EXERCISE PROMPT
Leaving out all pictures, transcribe the lines below exactly, from the first through the line containing "Then the last".

DATA EXCERPT
☆ ☆ ☆ ☆
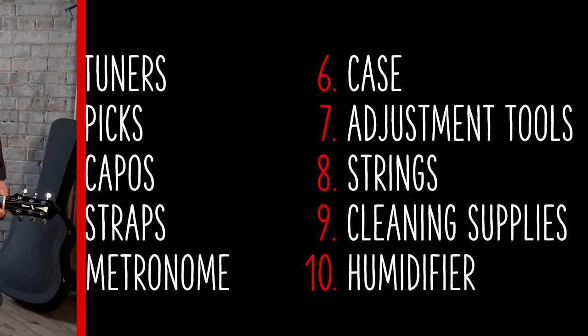A frequent question we get here at Stumac, especially by newer players, is what accessories do I need for my guitar? We've come up with a list of 10 essential guitar accessories every beginner needs — not only for playing, but also for maintaining your guitar. Let's start with playing first.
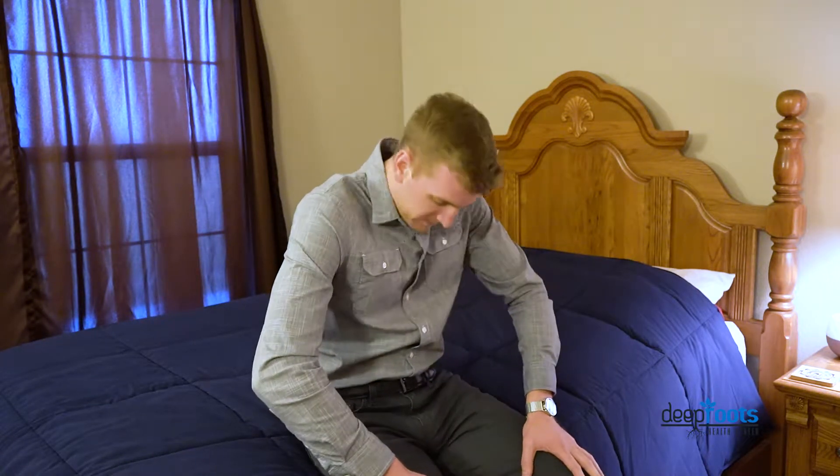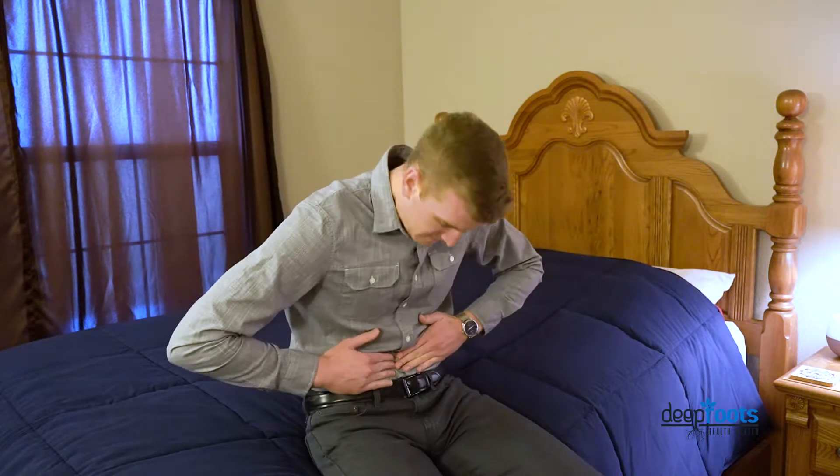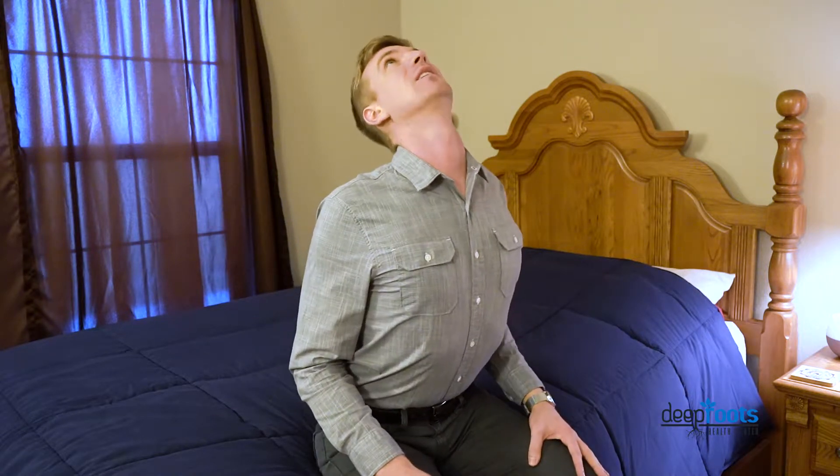Then the last range of motion — you guessed it — is front and back. So you're going to start again with your hands on your knees. You're going to go all the way forward and then you're going to go all the way back. This one is a little special — it's kind of like cat and cow if you've ever done yoga, except you're doing it seated. You're going to tuck your tummy way in when you go forward, and then you're going to extend that low back all the way when you extend back. So those three ranges of motion: side to side, rotation, and front and back.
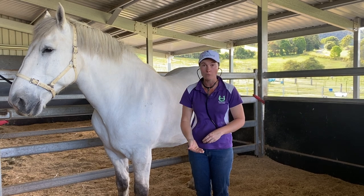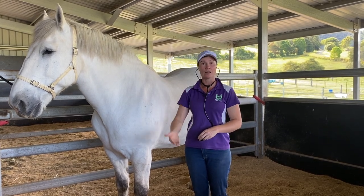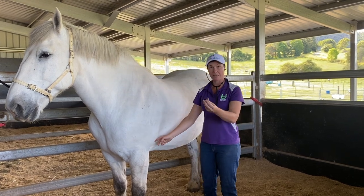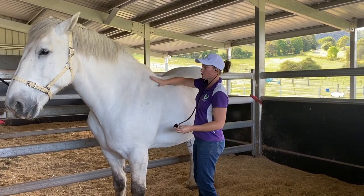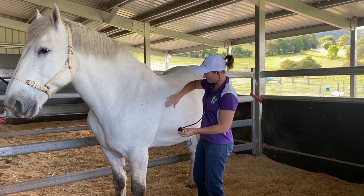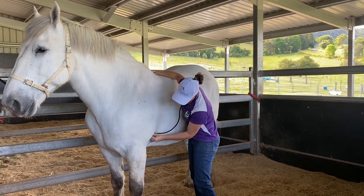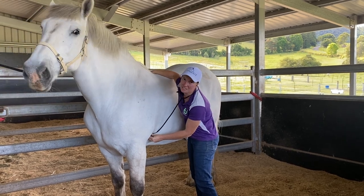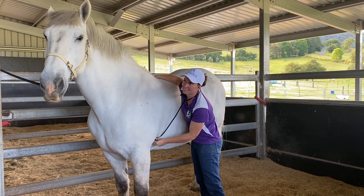Unless you have a foal, and that is between 80 and 100 beats per minute. So I'll just demonstrate again — find the point of the elbow, take the large part of your stethoscope, let your horse know that you're coming so you don't frighten him, and just place it just there. He's got a lovely slow heartbeat, these draft horses. Thank you.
☆ ☆ ☆ ☆
ANSWER FOR THIS EXERCISE
A frequent question we get here at Stumac, especially by newer players, is what accessories do I need for my guitar? We've come up with a list of 10 essential guitar accessories every beginner needs — not only for playing, but also for maintaining your guitar. Let's start with playing first.
Then the last range of motion — you guessed it — is front and back. So you're going to start again with your hands on your knees. You're going to go all the way forward and then you're going to go all the way back. This one is a little special — it's kind of like cat and cow if you've ever done yoga, except you're doing it seated. You're going to tuck your tummy way in when you go forward, and then you're going to extend that low back all the way when you extend back. So those three ranges of motion: side to side, rotation, and front and back.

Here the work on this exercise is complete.